Sony has made a fresh investment in Startale Group, deepening a partnership that underpins the technology giant’s push into blockchain-based entertainment and payments.
Startale said Thursday it received an additional $13 million from Sony Innovation Fund at the first close of its Series A. The fund will be used to expand Sony’s Soneium blockchain and related “onchain entertainment infrastructure” — spanning creator and IP-led applications, consumer distribution and a payments/settlement layer.
The follow-on backing comes roughly a year after Soneium’s mainnet launch in January 2025, when Sony’s blockchain unit described the network as a public blockchain initiative built through Sony Block Solutions Labs, a joint venture with Startale.
What Sony is backing inside the Soneium stack
Soneium is an Ethereum layer-2 built using Optimism’s OP Stack / Superchain tooling — the same modular approach used by other large consumer brands and crypto-native companies building app-focused L2s.

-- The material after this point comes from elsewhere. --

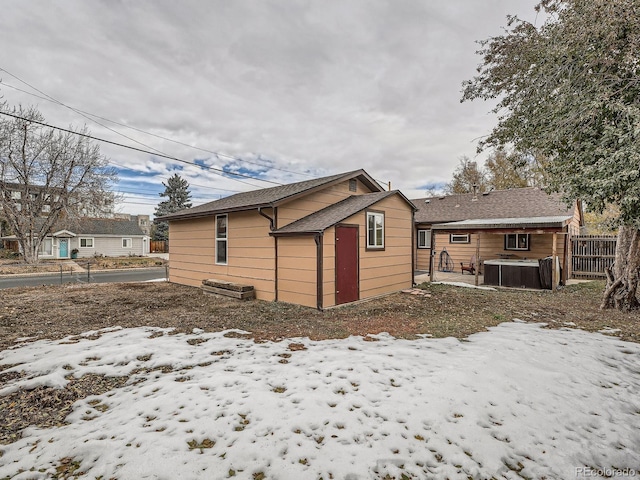 view of snowy exterior featuring central AC and a jacuzzi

Startale positioned Soneium as an “entertainment-native” chain and said that since launching mainnet it has grown to over 500 million processed transactions, 5.4 million active wallets, and more than 250 live dApps. The company also highlighted the Startale App as its primary gateway for wallet and app access, and Startale USD (USDSC) as a unified settlement layer connecting users, apps and payments across the ecosystem.
In December, Startale introduced USDSC to serve as a default currency across its app experience. The USDSC token was developed with M0 to support payments and rewards within Sony’s Web3 ecosystem.
Why it matters
For Sony, the investment is a signal that it is moving beyond experimentation and into distribution and monetization plumbing: if Soneium can package wallets, identity, digital collectibles and stablecoin-based settlement into consumer-friendly flows, it could reduce friction for mainstream entertainment use cases (fan engagement, IP licensing, creator monetization and in-app payments) compared with earlier NFT-era rollouts that leaned heavily on third-party infrastructure.
It also places Sony’s blockchain bet inside a broader industry trend: major platforms are increasingly choosing Ethereum L2 “app rails” rather than launching standalone chains, aiming for lower fees and interoperability while retaining product control at the application layer.
Startale has raised US$20 million in funding across three rounds. In June 2023, it raised US$3.5 million in seed funding from Sony Network Communications. In Feb 2024, it raised another US$3.5 million in a seed extension round led by UOB Venture Management and Samsung NEXT.
Startale CEO Sota Watanabe framed the latest funding as an expansion of the companies’ shared roadmap: “Startale has been an important partner to Sony since the early days of Soneium,” Watanabe said. “Our vision is to bring the world on-chain, and Sony’s continued support strengthens our ability to deliver the infrastructure required to realize that vision at global scale.”
Kazuhito Hadano, CEO of Sony Ventures Corporation, added: “Startale is a company working across the blockchain space, from infrastructure to applications. With a global perspective, the team is focused on enabling new value flows built on on-chain technologies. Through our ongoing collaboration around Soneium, we look forward to continuing to support Startale’s challenges and ambitions going forward”.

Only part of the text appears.